Com’è nato questo concept album?

Sono sempre stato un sostenitore dell’immaginario futuristico/spaziale, ma la scintilla che ha dato vita al tutto, il momento esatto in cui ho detto “Si, lo faccio”, è stato dopo aver letto la notizia dell’allarme dato dalle Nazioni Unite, qualche anno fa, dove si comunicava all’umanità che a marzo 2016 si stavano già utilizzando le risorse alimentari del 2017 e che con il passare degli anni, se non si fosse messo un freno al consumismo scellerato di cui l’essere umano è colpevole, la forbice sarebbe addirittura aumentata. Ho provato dunque a immaginare il futuro, descrivendone un periodo terrestre e uno astrale con Cassiopea, la canzone che descrive il viaggio, a fare da spartiacque.

Un album fantascientifico. Qual è il tuo background?

Dal tropicalismo a Dragonball, dai supereroi alla margherita con bufala, dalle classiche napoletane alle sigle dei cartoni animati giapponesi, passando per gli Oliver Onions, Odissea nello spazio, Pino Daniele e il realismo magico. Schizofrenia culturale, in un album dove ogni brano appartiene a un genere diverso, un po’ come gridare al mondo: “la vostra monotonia ha rotto le palle”!

Cosa pensi della nuova scena cantautorale napoletana di cui fa parte?

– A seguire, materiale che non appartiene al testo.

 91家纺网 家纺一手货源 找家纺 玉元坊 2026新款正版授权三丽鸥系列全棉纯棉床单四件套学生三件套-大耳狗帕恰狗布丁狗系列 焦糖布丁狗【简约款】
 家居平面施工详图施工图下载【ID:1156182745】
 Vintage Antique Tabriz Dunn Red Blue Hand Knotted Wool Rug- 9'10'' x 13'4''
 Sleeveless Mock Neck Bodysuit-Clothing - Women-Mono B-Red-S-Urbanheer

È solo una delle numerose scene che nascono in città, di sicuro è quella in cui mi ci trovo meglio. Tutto quello che si è conquistata lo ha fatto con le proprie forze, senza l’aiuto di investimenti milionari e senza fare da colonna sonora a serie televisive. È la voce di una parte di popolo, forse piccola ma quella che più mi piace, viva e intelligente, umile e laboriosa. Si fa spazio fra mille mortificazioni e a volte inciampa nei marchingegni della burocrazia locale, è spinta poco ma ha la fortuna di avere un pubblico resistente che le permette di vivere di musica ed è già tanto.

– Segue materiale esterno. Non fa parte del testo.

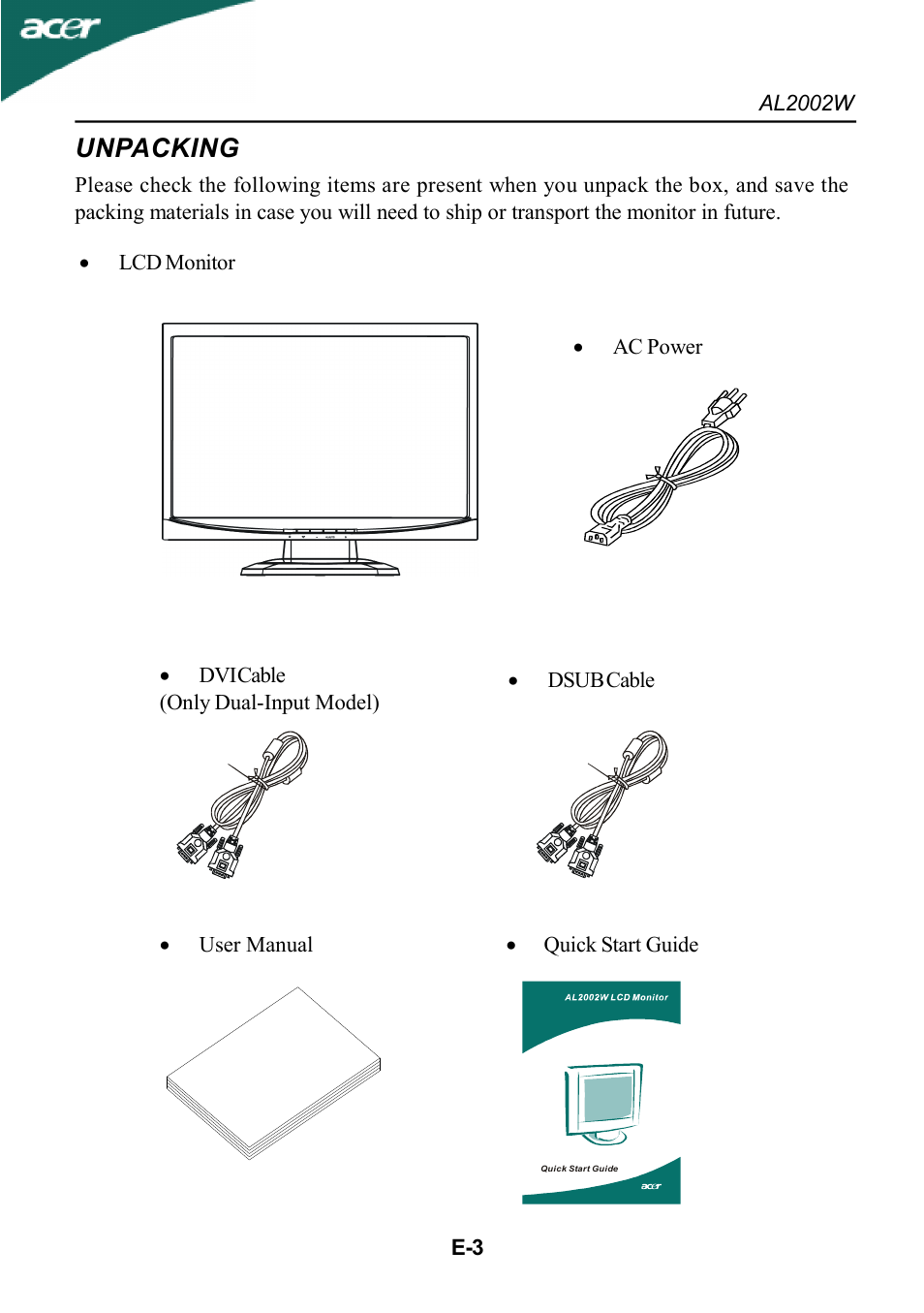 Unpacking | Acer al200 User Manual | Page 5 / 19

Cosa manca per fare il grande salto?

Investimenti economici e riflettori accesi, spazi dove potersi esibire visto che ce ne sono sempre meno, confronto e maggiore diffusione. Un album che in chiave fantasy tratta diversi temi sociali.

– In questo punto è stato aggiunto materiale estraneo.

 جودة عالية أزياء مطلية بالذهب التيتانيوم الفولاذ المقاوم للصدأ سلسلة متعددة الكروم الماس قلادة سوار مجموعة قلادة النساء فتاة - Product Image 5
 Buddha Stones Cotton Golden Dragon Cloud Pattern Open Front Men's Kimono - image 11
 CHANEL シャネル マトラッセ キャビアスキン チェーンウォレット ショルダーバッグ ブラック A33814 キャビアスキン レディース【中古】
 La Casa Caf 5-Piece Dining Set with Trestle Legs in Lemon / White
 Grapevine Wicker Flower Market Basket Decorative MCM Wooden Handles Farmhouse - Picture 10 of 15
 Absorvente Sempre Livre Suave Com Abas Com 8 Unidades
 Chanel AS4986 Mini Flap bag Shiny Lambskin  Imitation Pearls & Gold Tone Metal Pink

Cosa ti spinge a trattare questi temi?

A volte il fantasy racconta la realtà mostrandone sfumature nascoste: evidenzia le supposizioni, per esempio, e mette in evidenza una morale. Cosa mi spinge a trattare temi sociali? La necessità! Viviamo nell’epoca dell’osannazione del nulla, dell’imbambolimento delle masse, dei cervelli spenti e del disprezzo degli ultimi. Stiamo subendo un processo d’imposizione del pensiero e mettiamo il successo individuale sopra ogni altra cosa (“Ego ha travolto Ecos, molesta idea di felicità”) perché consideriamo il riscatto materiale e personale l’unica fonte di benessere, annullando ogni minimo residuo di idea di comunità. Ci sono marche ovunque, anche dove non dovrebbero esserci, e stiamo consegnando il mondo nelle mani di pochi che prenderanno scelte al posto nostro. Non è assolutamente il tempo per stare in silenzio, bisogna dire la propria con coraggio e cercare assolutamente il confronto e il dialogo con il prossimo, dovremmo essere più umani e discutere di presente e futuro. “Restare umani”, diceva Vittorio Arrigoni. Che invito meraviglioso.

Chi è il superman napoletano?

La leggenda del Superman napoletano è l’unico brano del disco ambientato a Napoli. È stato scritto qualche anno fa ed è stato decisamente premonitore sull’attuale situazione politica e sociale italiana, tanto da annusare la crescita esponenziale della Lega Nord quando il Carroccio era solo al 4% delle preferenze. È una canzone che prende in giro i cliché – vecchi e nuovi, reali e irreali – che “affliggono” la nostra città, combattuti da un supereroe dagli abiti raccattati e con un fisico da sollevatore di forchette. C’è un significato profondo però fra i suoi versi di matrice ironica, ovvero l’elogio all’uomo comune che in questa Metropolis (per citare il celebre fumetto), dove il lato oscuro e il lato buono della forza sono perennemente in conflitto, cerca di farsi strada sfuggendo ai tranelli nascosti dietro ogni angolo, con volontà, intelligenza, dedizione e lealtà.